• Exercise directions:
Within the listing below, give again exactly the lines between the one containing "Français et culture" and the one containing "MMMH Unisex Sweatshirt: Heather", inclusive, pictures left aside.

• Provided material:
#####

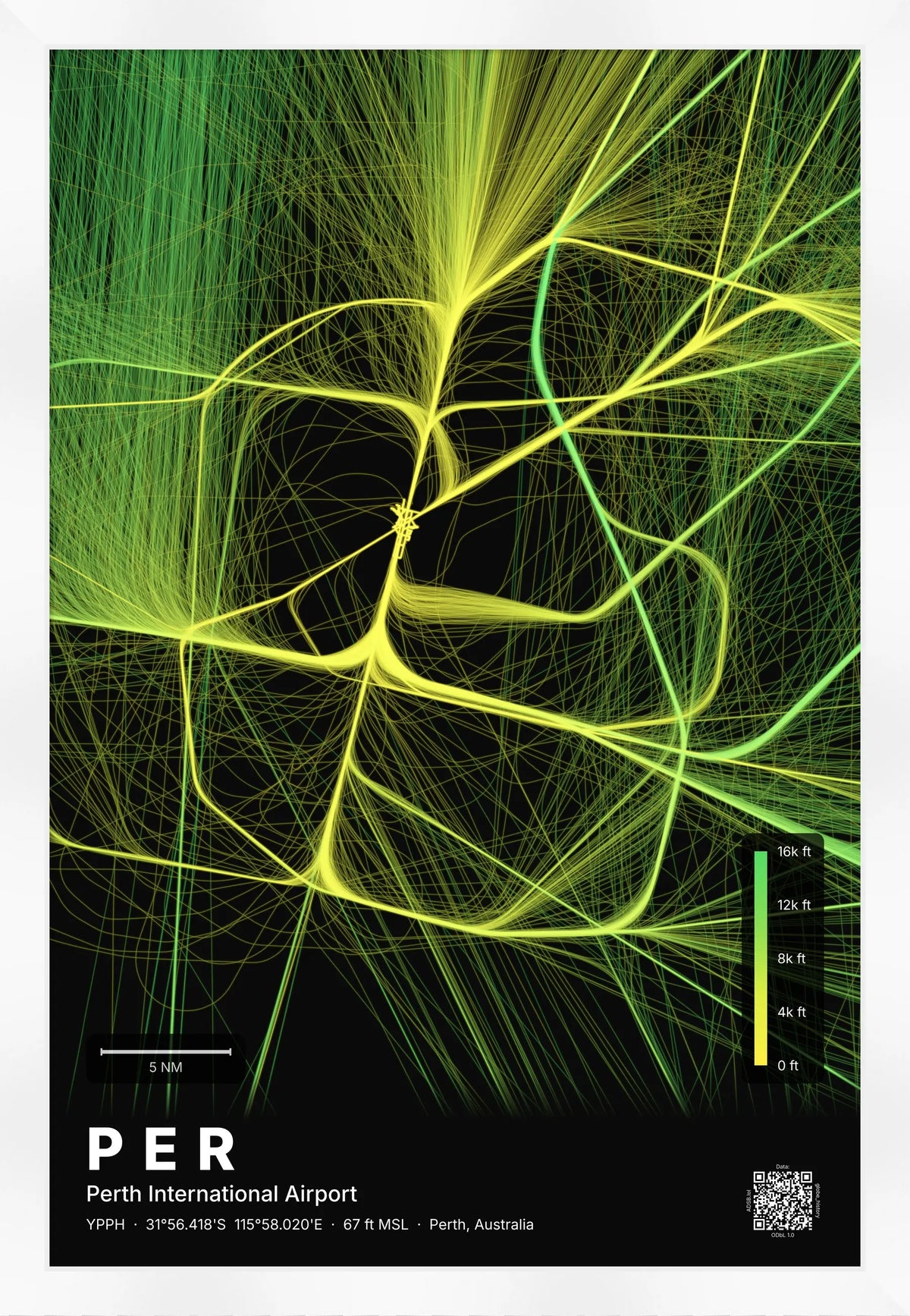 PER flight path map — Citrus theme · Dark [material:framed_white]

#####

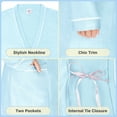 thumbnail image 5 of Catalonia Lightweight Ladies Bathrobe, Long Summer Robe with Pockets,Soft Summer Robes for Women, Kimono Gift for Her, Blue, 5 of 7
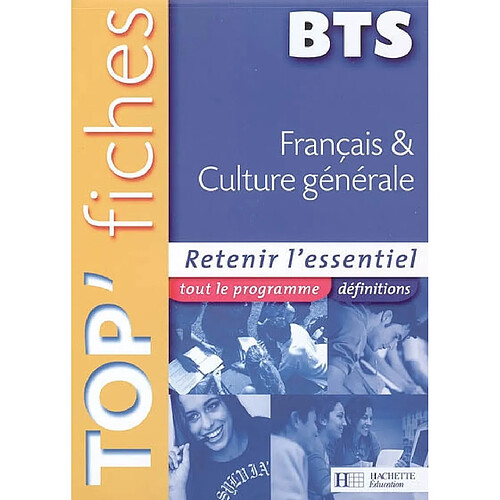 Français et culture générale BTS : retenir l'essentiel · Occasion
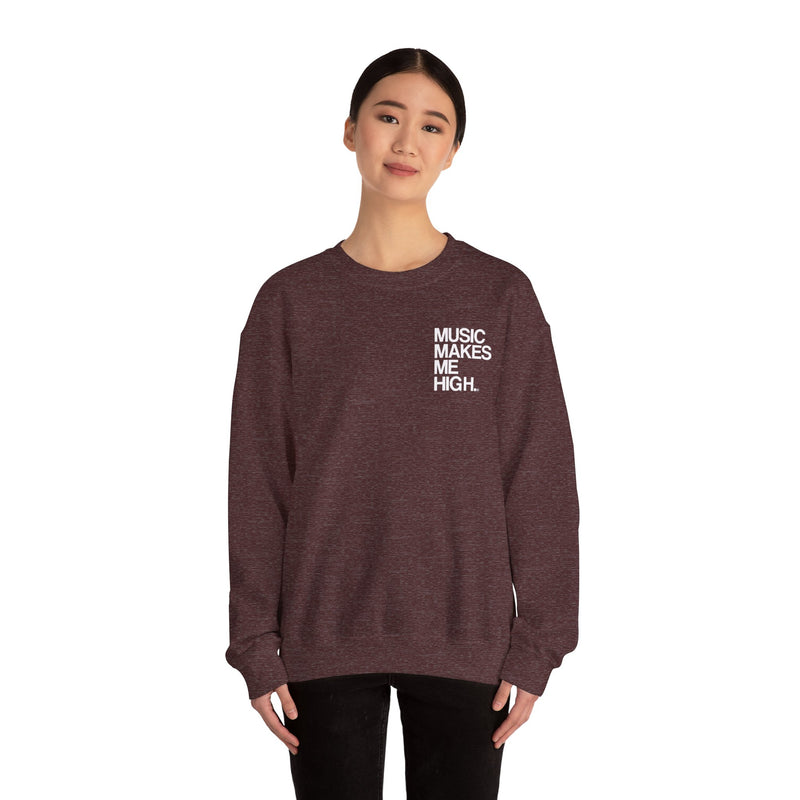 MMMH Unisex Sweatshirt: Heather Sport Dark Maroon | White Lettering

#####

• Solution for this exercise:
 Français et culture générale BTS : retenir l'essentiel · Occasion
 MMMH Unisex Sweatshirt: Heather Sport Dark Maroon | White Lettering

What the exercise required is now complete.